Make sure that you have `numpy` and `matplotlib` installed. If you don't, you can use e.g. `pip install <package> --user` (python2) or `pip3 install <package> --user` (python3).

## Submission
We will grade your assignments with pass/fail/good, so don't forget to hand them in! 
Choose `File->Download as->HTML` and check if the HTML-file contains all your answers. You can work and submit in pairs. Please e-mail your TA with `"[NLP1] Assignment 1"` as the subject. 
**The deadline for submission is Sunday 6 nov 23:59.**

## Start the notebook

Start a terminal, and `cd` into the directory where you saved the notebook. Then type `jupyter notebook`. Your web browser will open.

## Exercise 1.1

You are provided with a corpus containing words and their Part-of-speech tags in the format is
**word|POS** (one sentence per line) (file name : **sec02-21.gold.tagged**).
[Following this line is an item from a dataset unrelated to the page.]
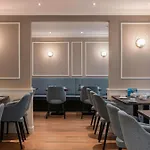 Hotel Living Grosser Kurfuerst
This data is extracted from Sections 02-21 from the Penn Treebank: these sections are most commonly used for training statistical models (like POS-taggers and parsers).
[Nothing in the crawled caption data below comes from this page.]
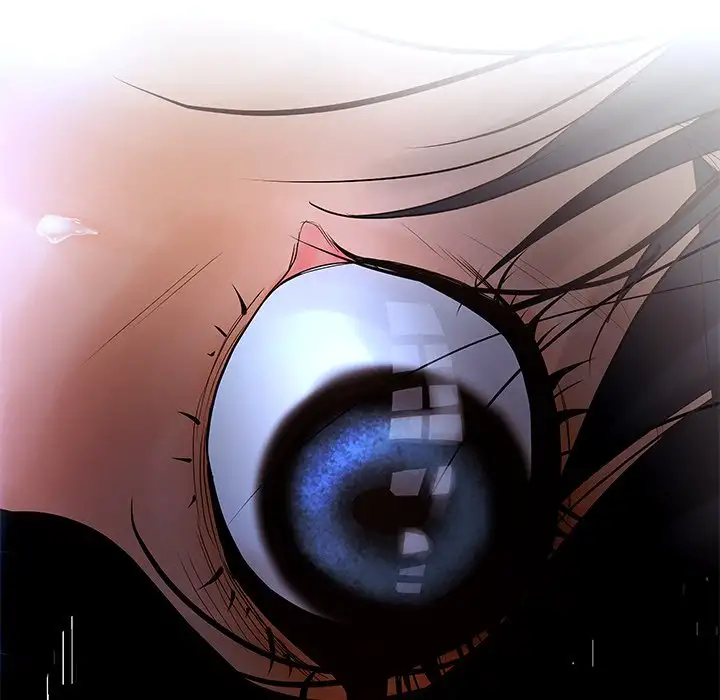 Deceit: Snake’s Tongue chapter 15 page 40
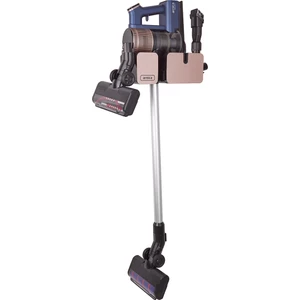 Solara Pro Mop Et13470 Şarjlı Dik Süpürge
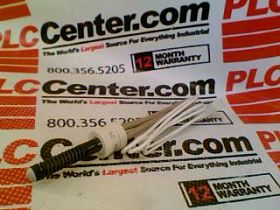 Воспламенитель Артикул 22-0003-00 от производителя ADVANCED TECHNOLOGY SERVICES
(a) What are the total number of words (tokens) in this corpus? 
What is the number of distinct word types?


In [3]:
%matplotlib inline
import matplotlib
import numpy as np
import matplotlib.pyplot as plt

from collections import Counter

In [19]:
f = open('sec02-21.gold.tagged', 'r')

n_sentences = 0
words = []
pos = []

for SENTENCE in f:
    n_sentences += 1
    temp = SENTENCE.split()
    words += (temp[i].split('|')[0] for i in range(len(temp)))
    pos += (temp[i].split('|')[1] for i in range(len(temp)))
    
distinct_words = set(words)
distinct_pos = set(pos)
    
print "Number of sentences: ", n_sentences
print "Number of words: ", len(words)
print "Number of distinct words: ", len(distinct_words)
print "Number of distinct pos: ", len(distinct_pos)
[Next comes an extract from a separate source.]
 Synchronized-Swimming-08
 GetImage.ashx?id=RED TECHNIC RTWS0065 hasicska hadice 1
Number of sentences:  39604
Number of words:  929552
Number of distinct words:  44210
Number of distinct pos:  48


(b) Plot a graph of word frequency versus rank of a word, in this corpus. Does this corpus obey Zipf’s law?

In [20]:
corpus_words = Counter(words)

(c) What is the 25th most common word in the corpus? How many times does it occur? What about the 50th most common word, the 100th and the 1000th?

In [21]:
most_common_25 = corpus_words.most_common(25)[-1]
most_common_50 = corpus_words.most_common(50)[-1]
most_common_100 = corpus_words.most_common(100)[-1]

print "The 25th most common word: \n", most_common_25
print "\nThe 50th most common word: \n", most_common_50
print "\nThe 100th most common word: \n", most_common_100

The 25th most common word: 
('Mr.', 4147)

The 50th most common word: 
('had', 1755)

The 100th most common word: 
('A', 860)


(d) How many different Part-of-speech tags are present in the corpus?

In [18]:
print "Number of distinct pos: ", len(distinct_pos)

Number of distinct pos:  48


(e) Print a list of the 10 most common part-of-speech tags. Spend a few minutes trying to guess what each tag means, by looking at associated words.

In [23]:
corpus_pos = Counter(pos)

most_common_10 = corpus_pos.most_common(10)

print "The 25th most common word: \n", most_common_10

The 25th most common word: 
[('NN', 132134), ('IN', 99413), ('NNP', 90711), ('DT', 82147), ('JJ', 59643), ('NNS', 59332), (',', 48314), ('.', 39252), ('CD', 36148), ('RB', 30232)]


(f) Assume that the probability $P(w_1^n)$ of a sentence $w_1 \ldots w_n$   can be calculated as follows:

$$P(w_1^n) = P(w_1) \cdot P(w_2) \ldots P(w_n) $$

The probability of a word $w_i$ can be calculated from a corpus as 
$$P(w_i) = \frac{count (w_i)}{N}$$ where $N$ is the total number of word tokens in the corpus. 

What is the probability of the first two sentences in the corpus? 

(g) A word may have several part-of-speech tags, for example the word 'record' can be a noun or a verb. How many words do have more than one POS tag? What are the 10 most frequent combinations of POS tags?

## Exercise 1.2

You are also provided with another file called **sec00.gold.tagged**. 
Section 00 of the Penn Treebank is typically used as development data.

(a) How many unseen words are present in the development data (i.e., words that have not occurred in the training data)?

(b) What are the three most common kind of unseen word (their POS tags)?